Alright, so we are dealing with permutations. Permutations are the number of combinations in a specific order possible for the set.
There's 4 letters, each one can be paired with 3 other letters, but those letters could be in different orders. To figure out how many variations of each combination there are (aka the number of permutations) use this formula:
[tex] _{n}P_{r}= \frac{n!}{(n-r)!} [/tex]
[tex]r=[/tex] number of elements in the subset
[tex]n=[/tex] number of elements in the set
[tex]P=[/tex] permutations of the set
There are only 3 elements in the subset because there is 1 that will not be repeated in each set, and there are 4 elements in the set.
Here's the math:
[tex] _{n}P_{r}= \frac{n!}{(n-r)!} [/tex]
[tex] _{4}P_{3}= \frac{4!}{(4-3)!}[/tex]
[tex] _{4}P_{3}= \frac{4!}{(1)!}[/tex]
[tex] _{4}P_{3}= \frac{4(3)(2)(1)}{1}[/tex]
[tex] _{4}P_{3}=24[/tex]
There are 24 permutations.
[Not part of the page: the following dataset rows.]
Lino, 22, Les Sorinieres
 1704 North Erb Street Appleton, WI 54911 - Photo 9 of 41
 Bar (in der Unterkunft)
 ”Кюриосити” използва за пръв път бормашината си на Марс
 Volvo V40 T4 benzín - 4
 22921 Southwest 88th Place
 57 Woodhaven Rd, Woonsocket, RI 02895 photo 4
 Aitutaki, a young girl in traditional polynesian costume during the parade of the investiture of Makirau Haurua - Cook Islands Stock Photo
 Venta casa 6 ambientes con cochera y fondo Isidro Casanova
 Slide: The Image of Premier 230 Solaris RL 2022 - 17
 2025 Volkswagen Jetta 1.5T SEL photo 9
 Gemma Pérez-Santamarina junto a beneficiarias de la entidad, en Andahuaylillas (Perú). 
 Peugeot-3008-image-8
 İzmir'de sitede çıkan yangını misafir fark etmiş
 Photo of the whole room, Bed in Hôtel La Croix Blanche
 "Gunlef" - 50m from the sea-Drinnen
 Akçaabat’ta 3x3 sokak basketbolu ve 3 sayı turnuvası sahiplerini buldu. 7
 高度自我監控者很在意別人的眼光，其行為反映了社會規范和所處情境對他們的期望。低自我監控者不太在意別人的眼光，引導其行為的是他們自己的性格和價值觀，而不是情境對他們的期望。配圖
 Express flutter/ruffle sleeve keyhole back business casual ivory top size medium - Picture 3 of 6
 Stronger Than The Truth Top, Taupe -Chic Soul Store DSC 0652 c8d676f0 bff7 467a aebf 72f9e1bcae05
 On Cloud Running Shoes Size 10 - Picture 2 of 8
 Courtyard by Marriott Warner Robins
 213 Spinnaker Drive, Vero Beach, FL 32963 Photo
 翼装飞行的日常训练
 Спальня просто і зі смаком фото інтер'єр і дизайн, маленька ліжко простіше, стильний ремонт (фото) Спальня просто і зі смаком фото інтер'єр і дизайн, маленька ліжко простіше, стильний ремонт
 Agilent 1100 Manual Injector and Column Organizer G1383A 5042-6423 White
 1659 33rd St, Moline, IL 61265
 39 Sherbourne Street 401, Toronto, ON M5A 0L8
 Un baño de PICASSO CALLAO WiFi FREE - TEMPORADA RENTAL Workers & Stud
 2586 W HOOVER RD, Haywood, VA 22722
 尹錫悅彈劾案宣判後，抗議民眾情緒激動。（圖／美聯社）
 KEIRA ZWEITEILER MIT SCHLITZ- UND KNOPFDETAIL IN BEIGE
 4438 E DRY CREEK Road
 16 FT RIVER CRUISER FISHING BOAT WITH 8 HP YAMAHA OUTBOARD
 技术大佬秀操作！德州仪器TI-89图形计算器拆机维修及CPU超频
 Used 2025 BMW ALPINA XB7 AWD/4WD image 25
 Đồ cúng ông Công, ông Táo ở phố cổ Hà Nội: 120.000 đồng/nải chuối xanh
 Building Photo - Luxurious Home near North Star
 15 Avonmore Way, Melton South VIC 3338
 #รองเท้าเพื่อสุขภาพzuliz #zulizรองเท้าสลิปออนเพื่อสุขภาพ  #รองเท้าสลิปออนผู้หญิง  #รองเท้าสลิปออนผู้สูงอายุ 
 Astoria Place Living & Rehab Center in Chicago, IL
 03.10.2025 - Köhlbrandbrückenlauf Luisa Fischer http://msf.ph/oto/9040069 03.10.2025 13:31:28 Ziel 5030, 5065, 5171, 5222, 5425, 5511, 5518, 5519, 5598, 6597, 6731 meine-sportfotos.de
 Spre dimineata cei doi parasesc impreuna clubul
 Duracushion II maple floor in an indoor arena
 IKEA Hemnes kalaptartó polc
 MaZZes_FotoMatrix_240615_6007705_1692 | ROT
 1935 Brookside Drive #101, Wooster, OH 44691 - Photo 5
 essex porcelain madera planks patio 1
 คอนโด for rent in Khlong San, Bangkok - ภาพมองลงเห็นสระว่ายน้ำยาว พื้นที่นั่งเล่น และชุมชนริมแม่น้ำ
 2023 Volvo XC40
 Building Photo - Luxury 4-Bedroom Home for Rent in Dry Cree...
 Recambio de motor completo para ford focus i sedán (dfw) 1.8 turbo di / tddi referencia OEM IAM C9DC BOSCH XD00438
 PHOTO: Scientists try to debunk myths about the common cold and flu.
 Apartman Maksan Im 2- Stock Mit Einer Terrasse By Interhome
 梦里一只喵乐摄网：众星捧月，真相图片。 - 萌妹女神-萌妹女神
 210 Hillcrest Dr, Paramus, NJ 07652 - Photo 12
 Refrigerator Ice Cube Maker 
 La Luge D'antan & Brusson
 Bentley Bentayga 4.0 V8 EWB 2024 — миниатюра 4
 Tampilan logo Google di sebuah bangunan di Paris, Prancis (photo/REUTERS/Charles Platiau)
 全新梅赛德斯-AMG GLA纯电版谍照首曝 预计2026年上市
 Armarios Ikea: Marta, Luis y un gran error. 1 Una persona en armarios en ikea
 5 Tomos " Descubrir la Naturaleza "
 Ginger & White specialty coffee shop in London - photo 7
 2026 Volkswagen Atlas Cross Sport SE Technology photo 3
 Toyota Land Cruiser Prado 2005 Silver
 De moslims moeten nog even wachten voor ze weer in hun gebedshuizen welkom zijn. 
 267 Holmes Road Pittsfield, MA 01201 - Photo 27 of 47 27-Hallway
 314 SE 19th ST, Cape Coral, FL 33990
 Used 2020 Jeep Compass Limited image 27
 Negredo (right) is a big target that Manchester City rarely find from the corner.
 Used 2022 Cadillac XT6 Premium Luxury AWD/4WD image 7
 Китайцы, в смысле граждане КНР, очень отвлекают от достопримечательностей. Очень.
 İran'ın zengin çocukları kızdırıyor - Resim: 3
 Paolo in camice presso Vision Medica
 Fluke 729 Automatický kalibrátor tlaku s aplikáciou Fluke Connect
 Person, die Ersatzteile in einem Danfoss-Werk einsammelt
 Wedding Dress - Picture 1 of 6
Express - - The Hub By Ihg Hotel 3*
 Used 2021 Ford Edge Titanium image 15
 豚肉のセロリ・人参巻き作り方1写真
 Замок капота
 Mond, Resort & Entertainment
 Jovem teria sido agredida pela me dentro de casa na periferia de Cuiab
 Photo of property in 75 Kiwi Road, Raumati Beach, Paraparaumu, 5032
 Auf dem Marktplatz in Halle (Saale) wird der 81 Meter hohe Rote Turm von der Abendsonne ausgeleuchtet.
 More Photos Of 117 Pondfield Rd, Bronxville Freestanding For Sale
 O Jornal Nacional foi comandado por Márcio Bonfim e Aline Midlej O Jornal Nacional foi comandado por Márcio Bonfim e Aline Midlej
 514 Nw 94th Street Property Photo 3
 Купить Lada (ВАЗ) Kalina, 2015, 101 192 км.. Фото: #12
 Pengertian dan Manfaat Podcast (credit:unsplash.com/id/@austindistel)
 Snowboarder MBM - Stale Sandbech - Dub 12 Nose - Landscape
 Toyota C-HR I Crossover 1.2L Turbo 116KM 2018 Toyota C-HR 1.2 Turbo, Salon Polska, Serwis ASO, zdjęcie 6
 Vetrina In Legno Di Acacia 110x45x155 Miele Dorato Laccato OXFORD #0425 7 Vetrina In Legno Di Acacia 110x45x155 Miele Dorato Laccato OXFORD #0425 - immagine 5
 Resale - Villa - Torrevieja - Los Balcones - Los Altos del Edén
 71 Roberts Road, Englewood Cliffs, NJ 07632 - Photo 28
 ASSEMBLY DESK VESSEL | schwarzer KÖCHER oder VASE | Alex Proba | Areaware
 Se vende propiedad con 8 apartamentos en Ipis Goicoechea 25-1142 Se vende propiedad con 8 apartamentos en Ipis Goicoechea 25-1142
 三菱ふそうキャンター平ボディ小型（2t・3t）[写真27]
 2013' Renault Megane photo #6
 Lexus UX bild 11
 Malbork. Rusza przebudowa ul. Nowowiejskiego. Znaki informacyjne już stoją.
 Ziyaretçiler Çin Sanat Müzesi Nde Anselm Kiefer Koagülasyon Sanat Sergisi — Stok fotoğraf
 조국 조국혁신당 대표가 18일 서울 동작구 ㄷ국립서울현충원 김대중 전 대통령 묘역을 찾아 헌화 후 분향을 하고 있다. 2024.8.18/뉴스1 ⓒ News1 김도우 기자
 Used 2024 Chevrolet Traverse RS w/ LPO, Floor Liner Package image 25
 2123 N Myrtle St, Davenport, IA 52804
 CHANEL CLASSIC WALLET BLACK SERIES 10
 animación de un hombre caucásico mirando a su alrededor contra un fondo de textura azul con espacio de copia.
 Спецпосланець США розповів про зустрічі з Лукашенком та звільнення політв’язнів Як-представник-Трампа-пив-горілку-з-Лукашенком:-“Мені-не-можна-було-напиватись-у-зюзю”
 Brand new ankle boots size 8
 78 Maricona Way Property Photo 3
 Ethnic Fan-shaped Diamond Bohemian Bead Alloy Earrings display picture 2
I can prove this by showing you the model:
ABCD, ABDC, ACBD, ACDB, ADBC, ADCB are the 6 arrangements possible of the set starting with the letter A. Because there are 4 letters, the total amount of permutations without repeated letters is 4 (letters) times 6 (possible arrangements), which equals 24.
Hope this helps!
Answer: 24 passwords are possible